Katarina Setiawan, Chief Economist & Investment Strategist MAMI menyatakan dari dalam negeri, BI telah menegaskan kembali komitmennya untuk menjaga stabilitas. Sepertinya BI sudah mengakhiri siklus kenaikan suku bunga. Namun, BI belum memulai sikus penurunan suku bunga demi menjaga stabilitas rupiah yang menjadi prioritas BI saat ini.

“Siklus penurunan suku bunga BI nantinya akan mengikuti perkembangan The Fed, pergerakan rupiah, dan arus masuk modal.
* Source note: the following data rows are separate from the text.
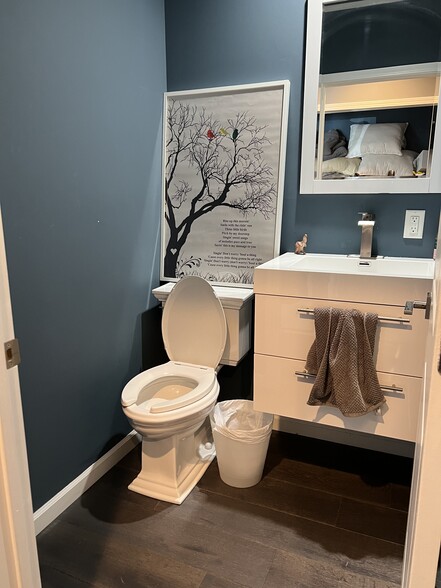 Building Photo - 1510 Hauser Blvd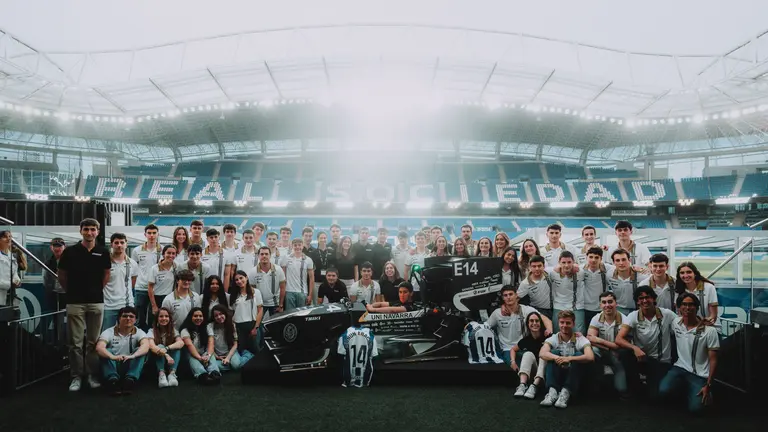 El equipo Tecnun eRacing de la Universidad de Navarra, con el nuevo monoplaza con el que competir&aacute;n este verano a nivel internacional. CEDIDA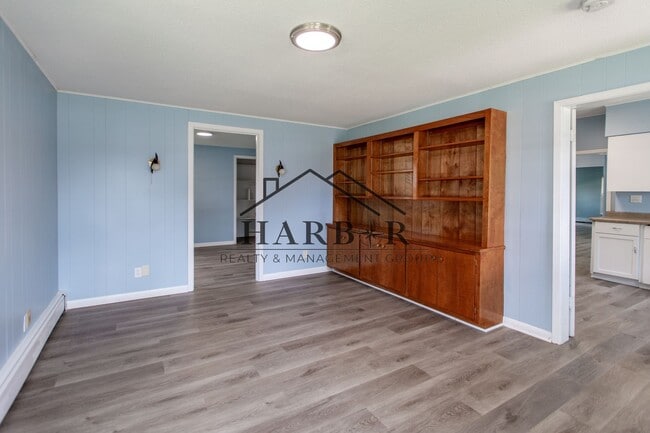 property at 725 7th Ave SE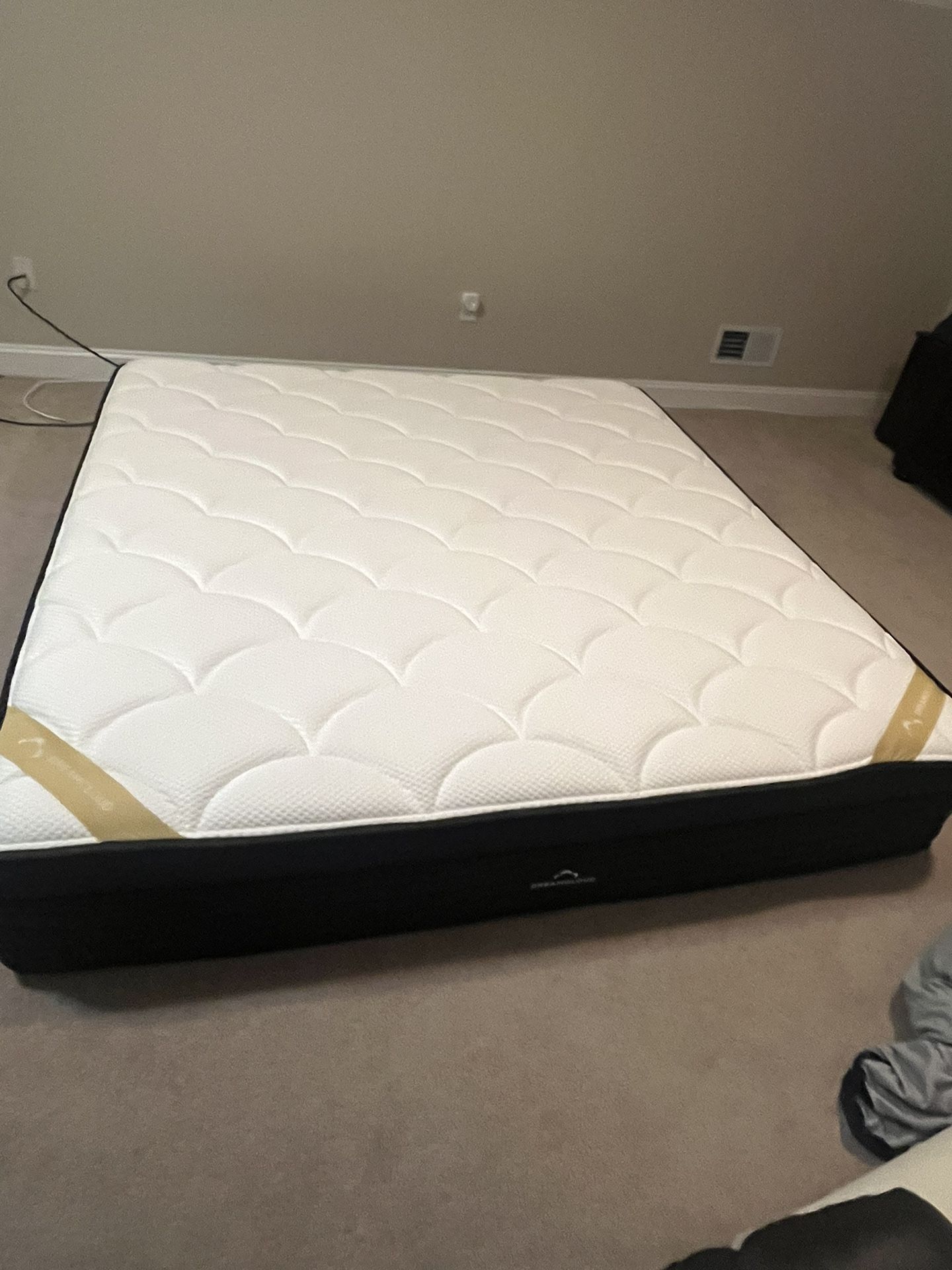 DreamCloud Premier Rest Hybrid (Purchased for $1,643.00 2 Months Ago For Spare Bedroom, Now It’s An Office, Bed Never Slept On!!!)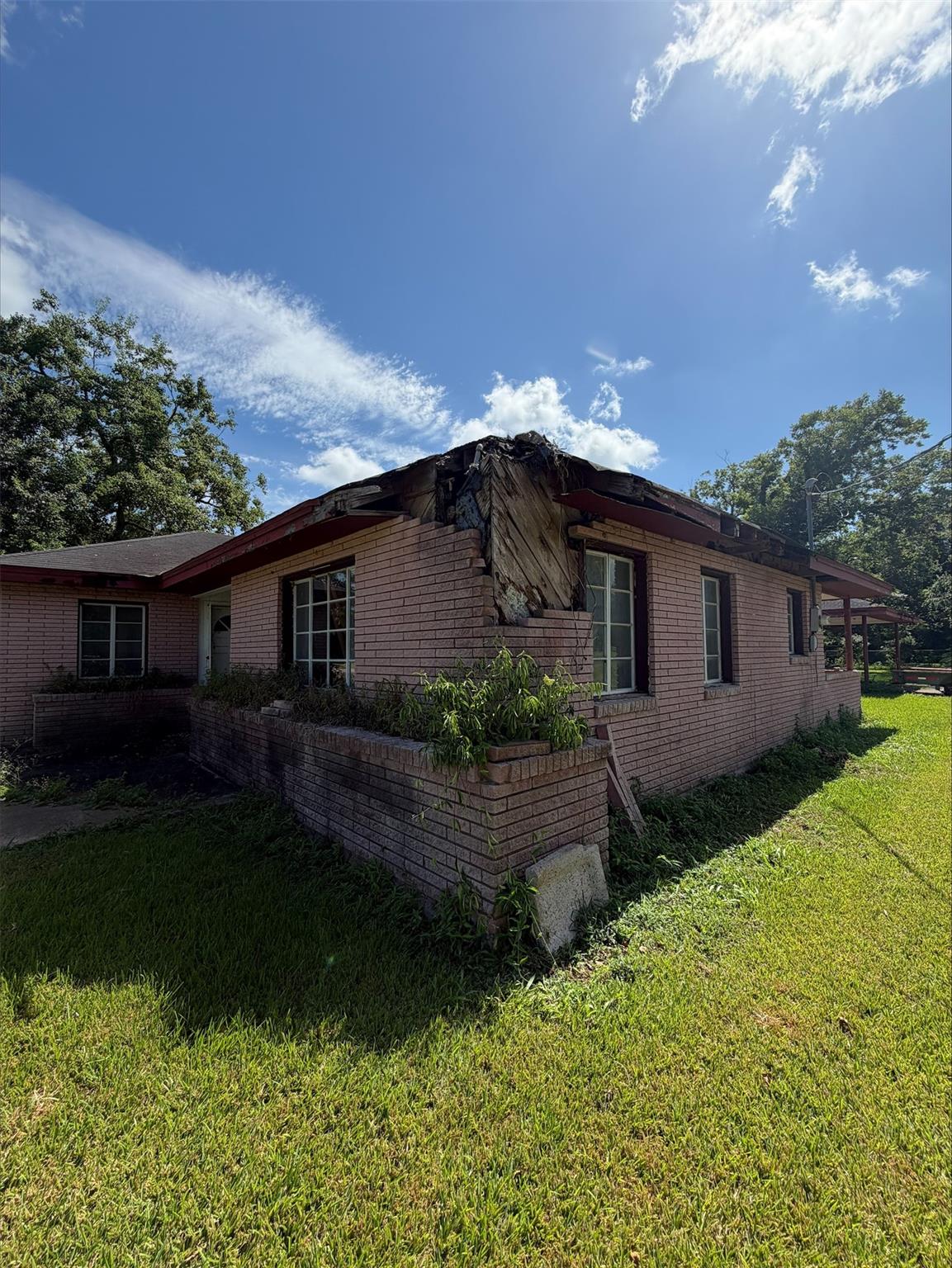611 Live Oak Street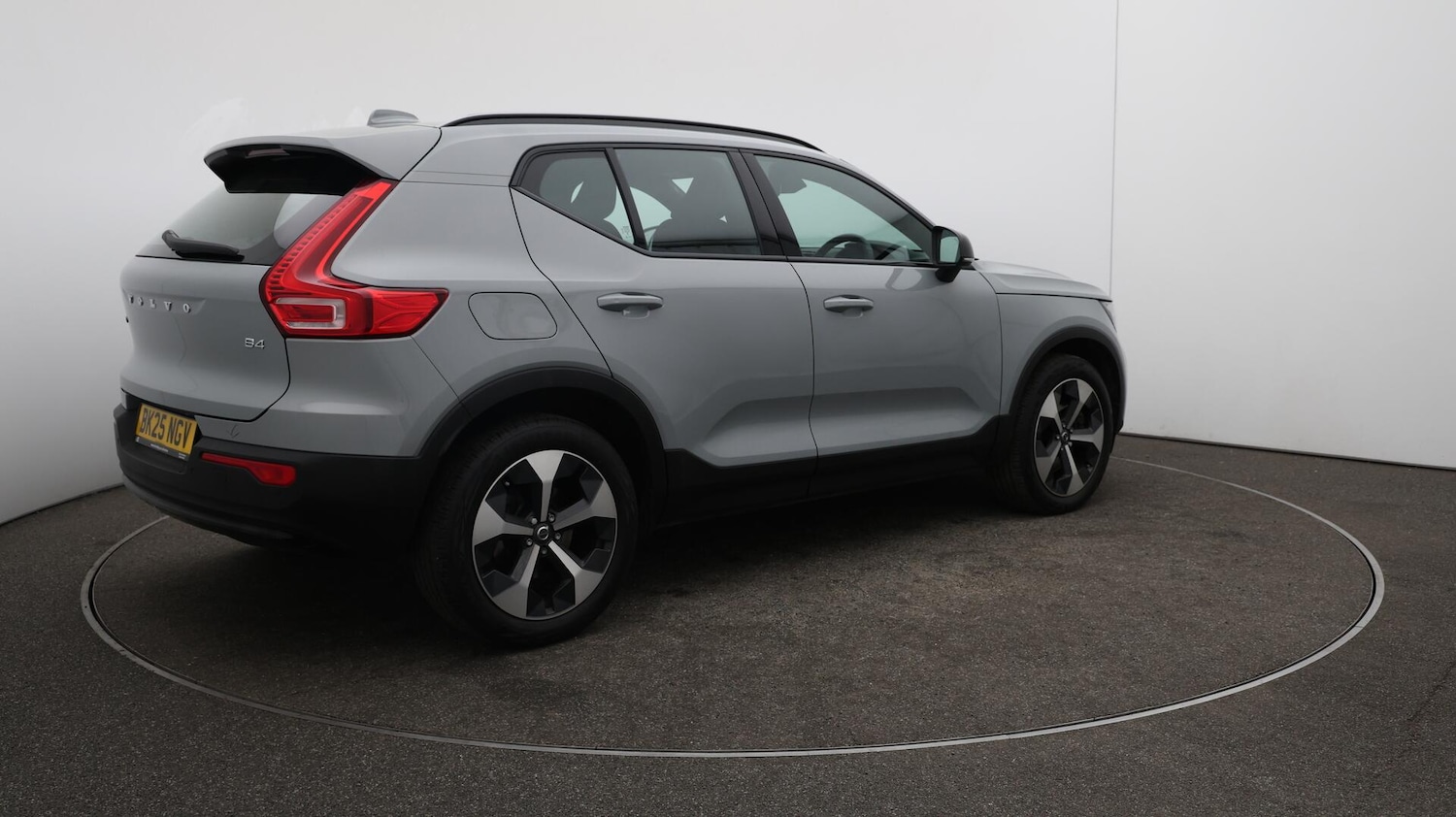 Used Volvo XC40 2025 for sale - 76765391: Photo 52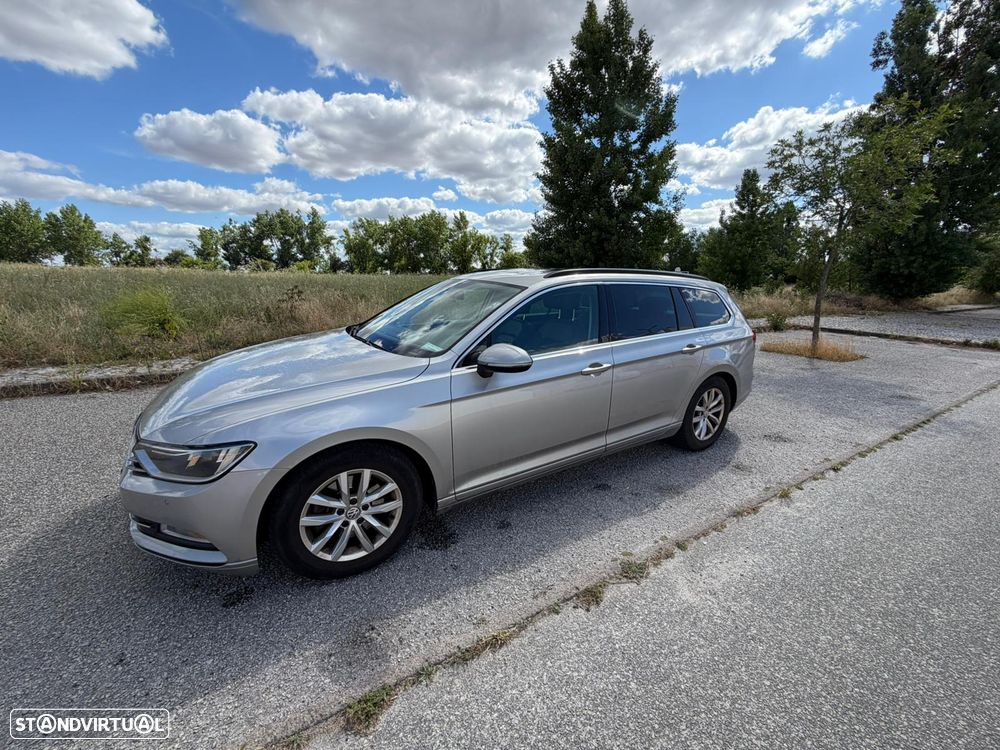 VW Passat Variant 2.0 TDI Confortline DSG - 2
Penyesuaian akan dilakukan secara bertahap. Secara historis, siklus penurunan suku bunga BI dimulai setelah tingkat suku bunga riil mencapai sekitar 3%,” dia mengungkapkan.

MAMI memperkirakan inflasi akan tetap terkendali walaupun terjadi peningkatan harga. Meskipun kenaikan harga pangan dapat berdampak pada inflasi, namun BI menyatakan optimisme. Intervensi pasokan pangan yang dilakukan pemerintah diperkirakan akan cukup untuk menjaga inflasi agar tetap berada dalam kisaran target 2,5% ± 1% pada 2024. Inflasi inti yang terkendali akan membantu mengendalikan inflasi secara keseluruhan.

Soal rupiah, menurut Katarina, tahun ini kinerja Mata Uang Garuda berpotensi lebih menarik dibandingkan mata uang Asia lainnya. Sebab suku bunga riil yang tinggi dan peluang beralihnya kebijakan moneter The Fed ke arah yang lebih akomodatif akan turut mendukung rupiah untuk berkinerja lebih baik.

“Namun, tetap ada risiko yang perlu dicermati. Narasi higher for longer menyebabkan imbal hasil obligasi negara maju tetap tinggi. Jika terus berlanjut, hal ini bisa mengakibatkan minimnya aliran dana masuk ke negara berkembang, termasuk Indonesia, dan menekan rupiah,” ujarnya.

Aktivitas ekonomi diperkirakan akan meningkat, ditopang belanja Pemilu dan meningkatnya belanja pemerintah, seperti terlihat pada Desember 2023. Pada akhir 2023 tersebut belanja pemerintah naik ke Rp616 triliun, jauh di atas Rp270 triliun pada bulan sebelumnya. Angka itu juga merupakan belanja bulanan pemerintah yang jauh di atas rata-rata bulan Desember yang jumlahnya sekitar Rp350 triliun. Aktivitas belanja modal korporasi diperkirakan berangsur normal setelah Pemilu.

Dengan asumsi Pemilu berjalan kondusif, maka kata dia, akan berdampak netral-positif terhadap pasar finansial Indonesia. Secara historis, pada periode pemilu sebelumnya (di tahun 2004, 2009, 2014 dan 2019), pasar finansial Indonesia menunjukkan pergerakan positif pada 6-12 bulan sebelum dan setelah Pemilu. Tercapainya puncak suku bunga, kebijakan moneter yang lebih akomodatif dan nilai tukar dolar AS yang termoderasi tahun ini akan membuat investor asing lebih berminat untuk masuk ke pasar-pasar negara berkembang.

“Itu merupakan katalis yang kuat bagi pasar finansial Indonesia. Hal ini sudah mulai terlihat dengan masuknya arus modal asing dalam 2 bulan terakhir, di mana Indonesia membukukan arus dana asing selama delapan dari sembilan minggu terakhir, dengan jumlah tertinggi di ASEAN,” Katarina memaparkan.